The process of change
Speaking about his journey of transforming his agency, Threepipe, Jim Hawker talked about trusting your gut when it comes to evolving your agency model, saying that a lot of the changes he has implemented have just felt right to do at the time. The journey that Jim has embarked on was centred around merging and creating products which allowed the agency to change quickly without absorbing a lot of risk.
Jim has wholeheartedly adopted the ‘shapeshifting’ approach saying “we have been really flexible and have adapted a “f*ck it” mentality. We go out and try something and try to make it work. It is doesn’t, then it doesn’t,” he said.

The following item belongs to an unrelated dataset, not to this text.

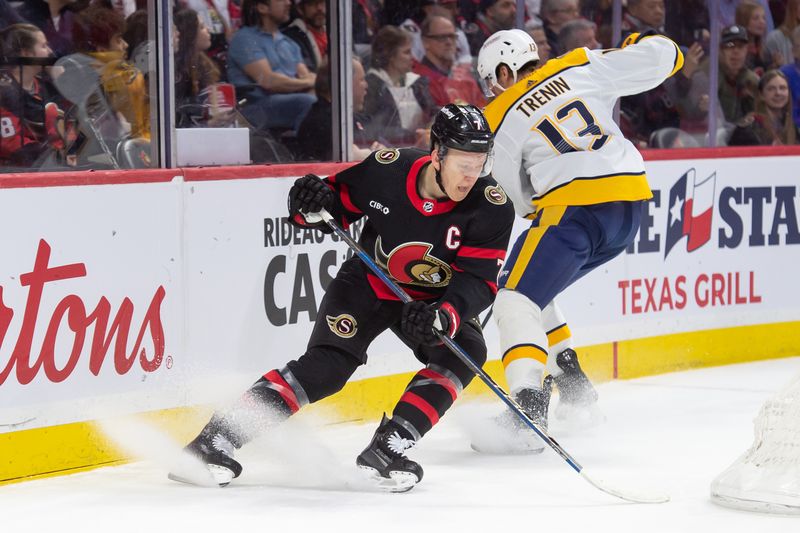 Jan 29, 2024; Ottawa, Ontario, CAN; Ottawa Senators left wing Brady Tkachuk (7) and Nashville Predators center Yakov Trenin (13) chase the puck in the first period at the Canadian Tire Centre. Mandatory Credit: Marc DesRosiers-USA TODAY Sports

This approach doesn’t come without it’s challenges with Jim saying that for many years he felt that the agency was moving too quickly for clients which frightened some clients off. But a lot has changed over the last couple of years and clients are now much more open to change and to working together to uncover new ways of working.
Change through the eyes of procurement
A question from the audience shone the light on procurement, particularly around procurement attitudes towards new client-agency models. Our panel agreed that with so many agencies still pricing on time, as an industry, we’re not helping ourselves. However, there is change that needs to happen on the client-side as well, with many big brands still conducting unnecessarily complicated, expensive, often procurement-led, pitch processes.
Tina spoke about how clients can be risk-averse to testing new remuneration models such as equity share. Although with so many different models available, Tina recommends that agencies thoroughly research different models and familiarise themselves with the IPA guide on remuneration models so that they can flex and present options to find the sweet-spot with clients. One-size will not fit all.
All of our panellists agreed that in such an over-supplied market, it can be hard for agencies to balance the cost of talent and delivery while remaining competitive on price. One way forward is to ensure you have the marketing team, procurement and yourselves in one room to work together to build and structure a commercial proposition that works for everyone.
We ended the conversation with some words of wisdom from Tina, saying that agencies should be brave enough to say no. The only way we will make progress as an industry is by forcing innovation and creativity in this area.
Quick wins for change
While there’s no secret weapon, our panel shared some tips to help bringing about change:
Change the conversation, change the game – If you find yourself consistently re-pitching for existing clients, add up the true cost to pitch to you and take this to them to talk about a new commercial proposition. As an alternative, you could co-invest that budget you would have spent pitching with the client matching it and use this fund to invest in innovation, testing new concepts and growing together.
Become a master of change – There is a real opportunity for nimble agencies to adapt new pricing models based around productisation. Some agencies are guilty of not being on suitable models for their services, look at tech and consultancy models for inspiration and try to find the right fit. Different rules apply outside of the agency world – take inspiration to adapt.
Don’t get stuck mourning the loss of retainers – Caroline Johnson spoke about the shift from retained work to more project-based work and highlighted how this is in-fact a positive move – “Projects are actually better than retainers, retainers are all you can eat,” she said.
You have to find a way to monetise your strategic talent – Invest in commercial, creative and strategic people and seek help from experts outside of the industry to help you navigate this change.
It’s time to call out the crazy – The biggest thing all agencies can do is to back themselves and their models and learn when and how to say ‘no’.